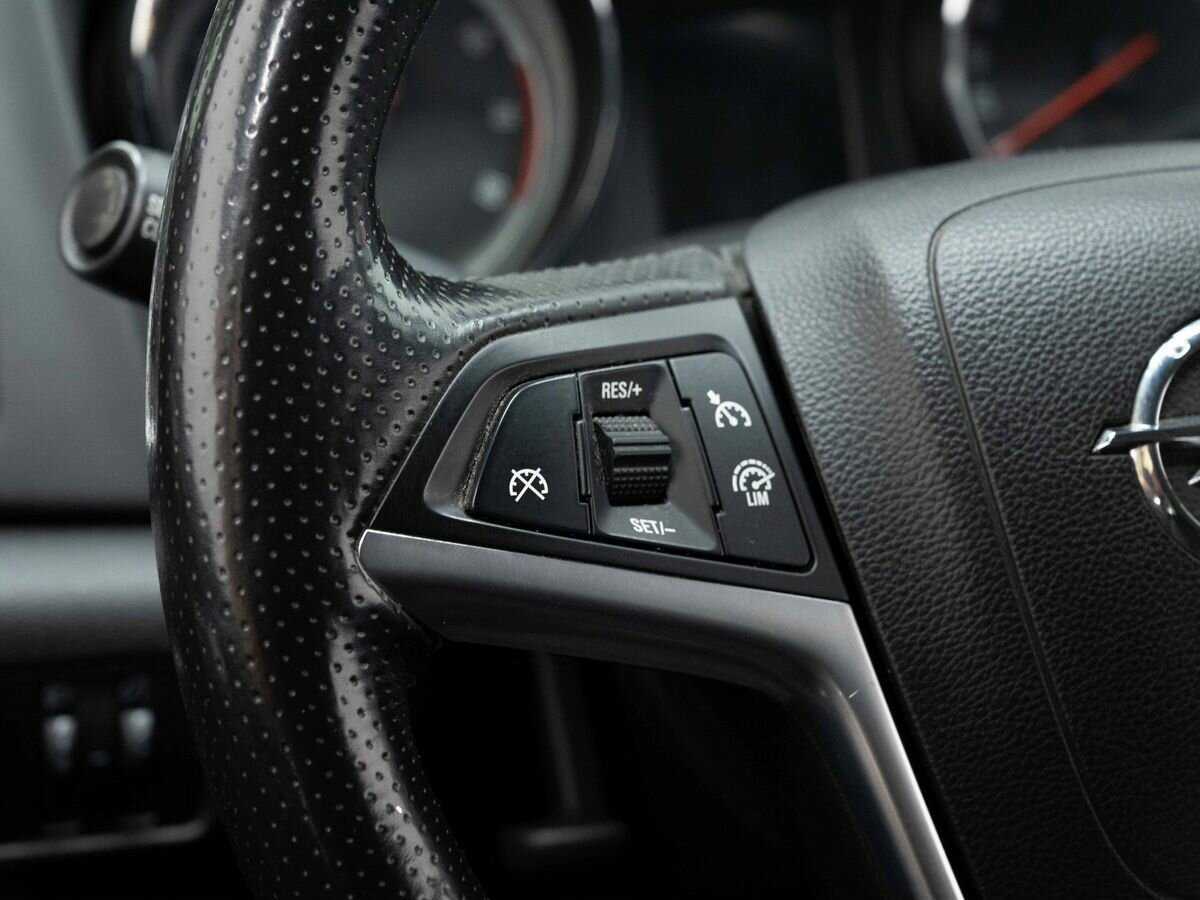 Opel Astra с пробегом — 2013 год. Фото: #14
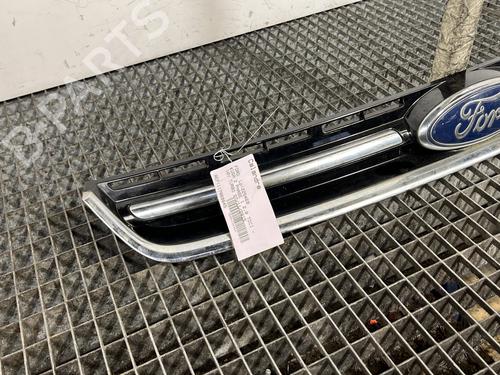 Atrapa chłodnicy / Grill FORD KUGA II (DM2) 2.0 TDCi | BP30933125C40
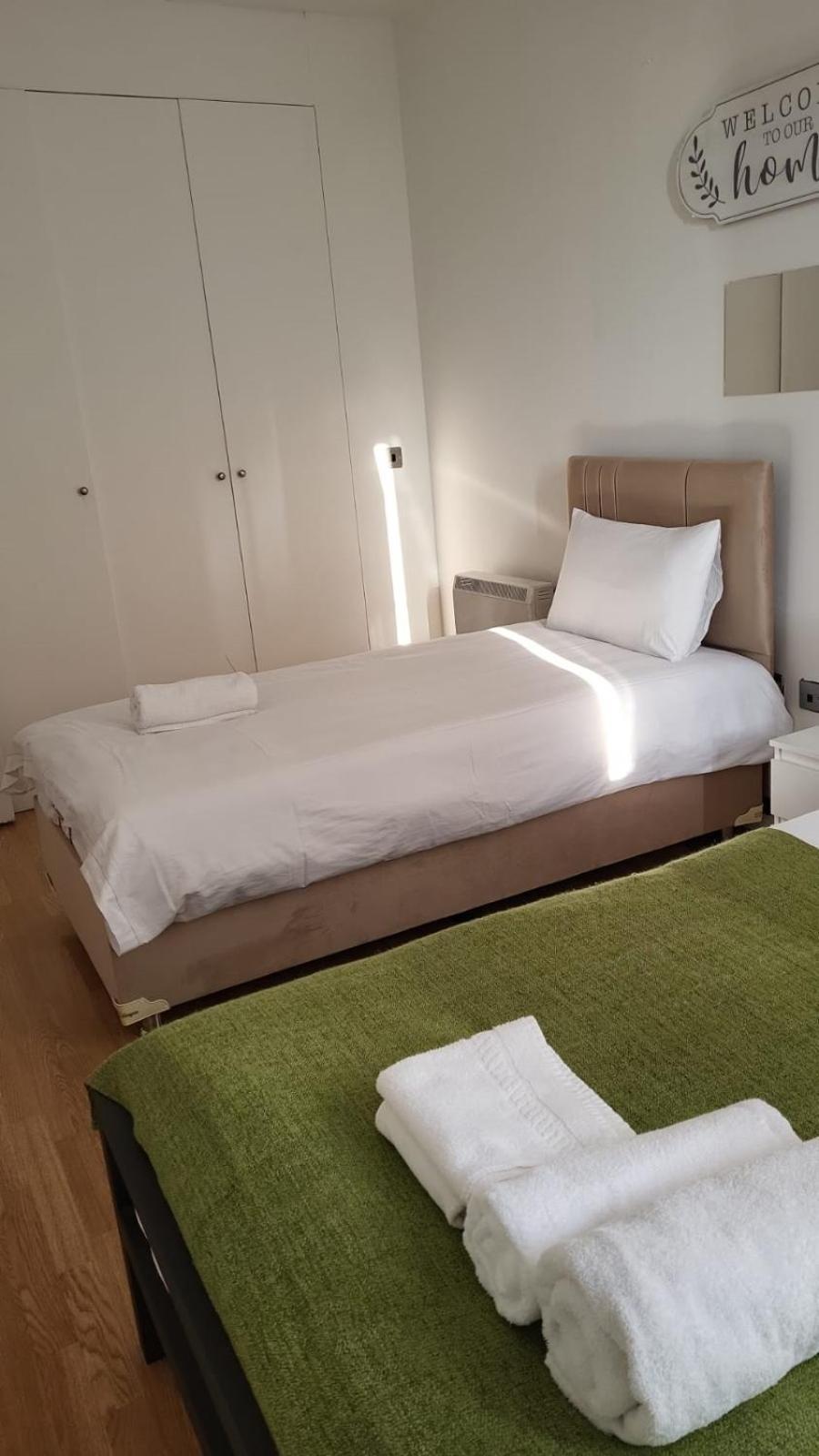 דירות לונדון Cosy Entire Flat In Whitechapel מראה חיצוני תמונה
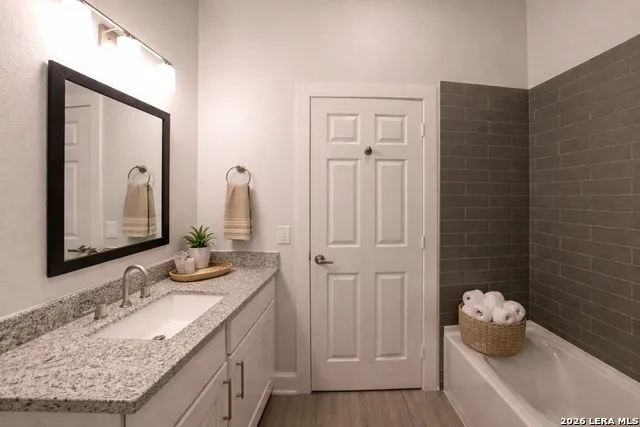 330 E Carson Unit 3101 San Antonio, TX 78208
+ + + + + + +
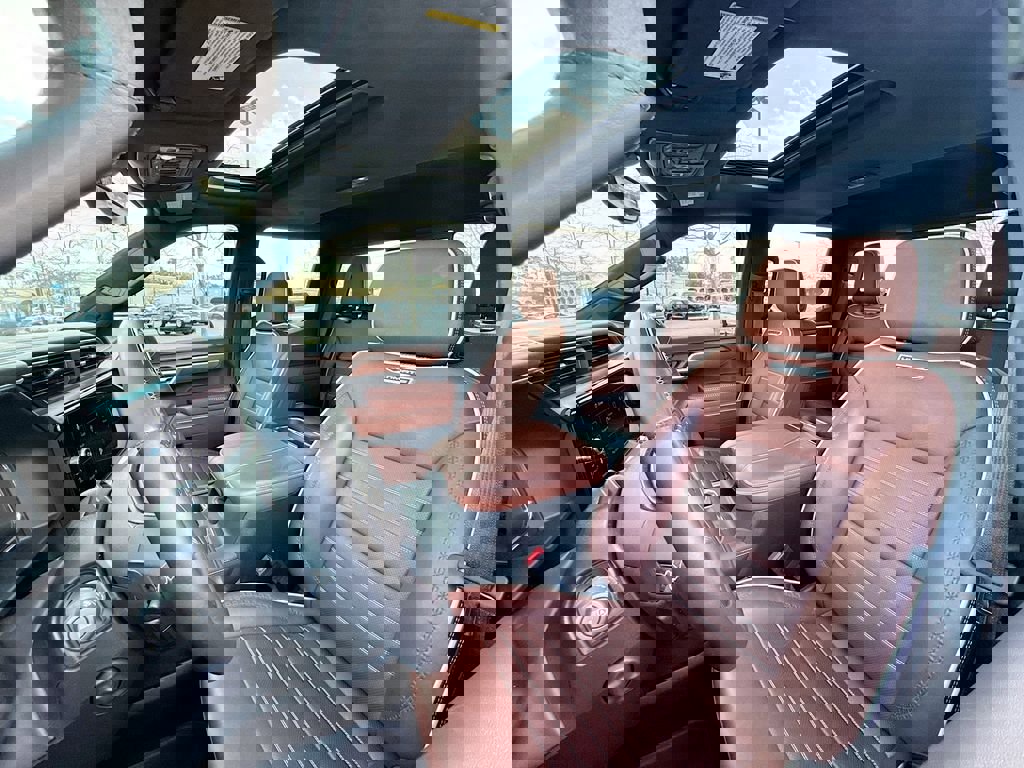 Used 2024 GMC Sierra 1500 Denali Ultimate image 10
+ + + + + + +
Give back exactly, and solely, the section of the data above bounded by the line containing "דירות לונדון Cosy" and the line containing "330 E Carson Unit 3101 San Antonio, TX 78208", both bounding lines included and pictures omitted.

* _EXERCISE ANSWER_
 דירות לונדון Cosy Entire Flat In Whitechapel מראה חיצוני תמונה
 330 E Carson Unit 3101 San Antonio, TX 78208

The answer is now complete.